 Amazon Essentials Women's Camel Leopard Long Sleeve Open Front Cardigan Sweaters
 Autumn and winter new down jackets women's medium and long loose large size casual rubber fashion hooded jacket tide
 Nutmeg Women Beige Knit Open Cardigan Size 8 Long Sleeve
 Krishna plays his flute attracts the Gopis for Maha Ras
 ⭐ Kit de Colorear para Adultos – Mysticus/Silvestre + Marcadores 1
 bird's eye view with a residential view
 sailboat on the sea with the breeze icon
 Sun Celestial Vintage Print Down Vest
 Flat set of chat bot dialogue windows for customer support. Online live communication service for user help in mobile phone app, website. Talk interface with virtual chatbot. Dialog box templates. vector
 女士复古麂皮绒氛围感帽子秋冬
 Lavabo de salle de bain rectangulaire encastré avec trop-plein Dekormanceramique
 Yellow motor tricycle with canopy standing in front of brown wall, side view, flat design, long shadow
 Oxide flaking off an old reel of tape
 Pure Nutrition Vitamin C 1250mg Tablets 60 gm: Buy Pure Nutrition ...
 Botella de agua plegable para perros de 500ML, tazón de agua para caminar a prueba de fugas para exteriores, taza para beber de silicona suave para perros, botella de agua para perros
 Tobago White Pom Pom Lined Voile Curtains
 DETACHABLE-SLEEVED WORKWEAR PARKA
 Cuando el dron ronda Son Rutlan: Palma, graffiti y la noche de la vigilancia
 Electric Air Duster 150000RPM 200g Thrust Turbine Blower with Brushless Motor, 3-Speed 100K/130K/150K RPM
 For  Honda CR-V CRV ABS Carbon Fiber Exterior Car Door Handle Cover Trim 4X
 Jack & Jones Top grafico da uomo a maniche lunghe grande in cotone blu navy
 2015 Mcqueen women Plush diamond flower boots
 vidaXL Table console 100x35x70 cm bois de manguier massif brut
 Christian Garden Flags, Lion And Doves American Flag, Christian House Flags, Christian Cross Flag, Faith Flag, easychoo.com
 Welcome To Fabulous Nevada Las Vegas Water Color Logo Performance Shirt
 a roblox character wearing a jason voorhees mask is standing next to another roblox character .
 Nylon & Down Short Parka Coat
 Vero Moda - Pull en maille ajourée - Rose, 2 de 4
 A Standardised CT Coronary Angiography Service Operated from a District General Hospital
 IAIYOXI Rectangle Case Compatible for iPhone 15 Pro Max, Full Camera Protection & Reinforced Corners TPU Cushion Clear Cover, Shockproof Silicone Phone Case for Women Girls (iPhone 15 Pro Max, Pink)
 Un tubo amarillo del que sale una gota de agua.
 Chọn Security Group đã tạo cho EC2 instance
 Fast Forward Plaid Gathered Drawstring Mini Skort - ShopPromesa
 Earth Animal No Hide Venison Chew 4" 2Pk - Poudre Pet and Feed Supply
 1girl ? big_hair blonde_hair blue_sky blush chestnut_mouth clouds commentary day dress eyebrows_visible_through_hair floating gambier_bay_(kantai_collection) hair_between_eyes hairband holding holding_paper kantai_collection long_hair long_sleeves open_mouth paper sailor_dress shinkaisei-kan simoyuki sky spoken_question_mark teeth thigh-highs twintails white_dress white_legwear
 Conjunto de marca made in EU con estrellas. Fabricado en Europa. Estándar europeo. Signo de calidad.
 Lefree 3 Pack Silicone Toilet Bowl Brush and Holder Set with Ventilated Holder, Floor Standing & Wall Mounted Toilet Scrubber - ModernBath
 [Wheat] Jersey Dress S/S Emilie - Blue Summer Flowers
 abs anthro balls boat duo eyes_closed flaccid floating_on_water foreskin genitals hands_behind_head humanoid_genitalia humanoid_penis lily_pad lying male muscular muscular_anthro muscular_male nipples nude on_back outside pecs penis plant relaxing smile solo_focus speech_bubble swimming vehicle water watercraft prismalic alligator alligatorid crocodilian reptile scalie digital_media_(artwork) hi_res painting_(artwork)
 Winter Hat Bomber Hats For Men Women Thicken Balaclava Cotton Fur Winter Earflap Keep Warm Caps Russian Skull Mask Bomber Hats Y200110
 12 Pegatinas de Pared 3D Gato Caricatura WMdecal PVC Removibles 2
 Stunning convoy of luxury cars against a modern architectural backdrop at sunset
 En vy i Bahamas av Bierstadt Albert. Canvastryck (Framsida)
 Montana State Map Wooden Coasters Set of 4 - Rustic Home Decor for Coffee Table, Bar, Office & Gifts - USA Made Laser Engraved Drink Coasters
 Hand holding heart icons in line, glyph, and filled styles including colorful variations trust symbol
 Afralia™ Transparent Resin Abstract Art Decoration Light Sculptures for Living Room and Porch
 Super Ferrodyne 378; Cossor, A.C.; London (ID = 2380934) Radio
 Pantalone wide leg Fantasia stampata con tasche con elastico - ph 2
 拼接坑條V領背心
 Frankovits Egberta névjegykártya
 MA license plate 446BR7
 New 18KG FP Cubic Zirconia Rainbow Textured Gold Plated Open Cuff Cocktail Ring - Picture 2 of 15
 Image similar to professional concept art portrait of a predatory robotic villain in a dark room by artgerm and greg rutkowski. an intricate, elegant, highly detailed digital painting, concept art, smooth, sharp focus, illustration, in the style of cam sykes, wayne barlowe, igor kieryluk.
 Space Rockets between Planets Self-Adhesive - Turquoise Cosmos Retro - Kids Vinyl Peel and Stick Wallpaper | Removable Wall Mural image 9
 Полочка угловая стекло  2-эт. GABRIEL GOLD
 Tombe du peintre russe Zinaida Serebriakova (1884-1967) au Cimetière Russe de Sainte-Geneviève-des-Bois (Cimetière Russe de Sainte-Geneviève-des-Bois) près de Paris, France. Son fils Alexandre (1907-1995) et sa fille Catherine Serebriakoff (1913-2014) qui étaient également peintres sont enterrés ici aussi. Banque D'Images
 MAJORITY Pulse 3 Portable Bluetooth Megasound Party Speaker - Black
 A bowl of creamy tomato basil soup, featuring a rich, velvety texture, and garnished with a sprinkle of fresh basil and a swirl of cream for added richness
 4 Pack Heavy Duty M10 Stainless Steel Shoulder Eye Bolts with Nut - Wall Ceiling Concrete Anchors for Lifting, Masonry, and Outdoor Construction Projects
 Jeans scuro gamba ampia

•••

TASK TO CARRY OUT: Look above for the line holding "Winter Hat Bomber", then set down exactly that line and every line after it up to and including the line holding "MA license plate 446BR7", with nothing else.

YOUR RESPONSE:
 Winter Hat Bomber Hats For Men Women Thicken Balaclava Cotton Fur Winter Earflap Keep Warm Caps Russian Skull Mask Bomber Hats Y200110
 12 Pegatinas de Pared 3D Gato Caricatura WMdecal PVC Removibles 2
 Stunning convoy of luxury cars against a modern architectural backdrop at sunset
 En vy i Bahamas av Bierstadt Albert. Canvastryck (Framsida)
 Montana State Map Wooden Coasters Set of 4 - Rustic Home Decor for Coffee Table, Bar, Office & Gifts - USA Made Laser Engraved Drink Coasters
 Hand holding heart icons in line, glyph, and filled styles including colorful variations trust symbol
 Afralia™ Transparent Resin Abstract Art Decoration Light Sculptures for Living Room and Porch
 Super Ferrodyne 378; Cossor, A.C.; London (ID = 2380934) Radio
 Pantalone wide leg Fantasia stampata con tasche con elastico - ph 2
 拼接坑條V領背心
 Frankovits Egberta névjegykártya
 MA license plate 446BR7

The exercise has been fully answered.